Ah, the virtues of patience...Living in Seattle and environs.
1994:
Barely touched rock. But did a
cool 56 day solo sailing trip in a 14' West Wright Potter
off the west coast of Canada, mostly as a result of a painful
breakup with a woman.
1995:
Got back into the groove after
coming to terms with the aches and pains in my body. Moved
to Moab late in the year.
1996:
This year the interest in climbing
again vaned after thrashing up Indian Creek splitters for
the past 10 months. Just
not enough variation to keep the spark.
1997:
No climbing.
1998:
No climbing.
1999:
Moved from Moabs monotonous lasercut
cracks to Bishop and immidiately got the passion again.
2000:
On the rocks regularly, but after
getting a kid and a mortgage I'm faced with another one of
lifes great challenges: Mainstream (family) obligations.

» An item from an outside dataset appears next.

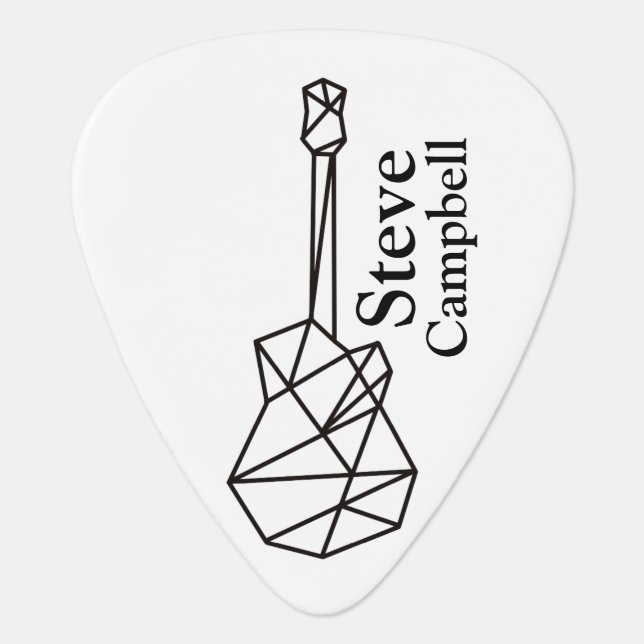 Create Your Own Guitarist Custom B/W Name  Guitar Pick (Front)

I reluctantly acknowledged that the travelling climbing exsistence
of bygone years might be off for a forseeable future.
2001:
Weekend warrior struggling with
the fact that the bi weekly cragging or peakbagging outing
is the extent of my adventuring.
2002:
As 2001.
2003:
As 2002.
2004:
Finally managed a high level of
climbing activity (even for a dad in the forties) with numerous
backcountry climbs in addition to weekly cragging. Back to
peak shape, which is 5.9, with the occasional ten lead. This
renewed zest was the motivation for creating fivenineclimber.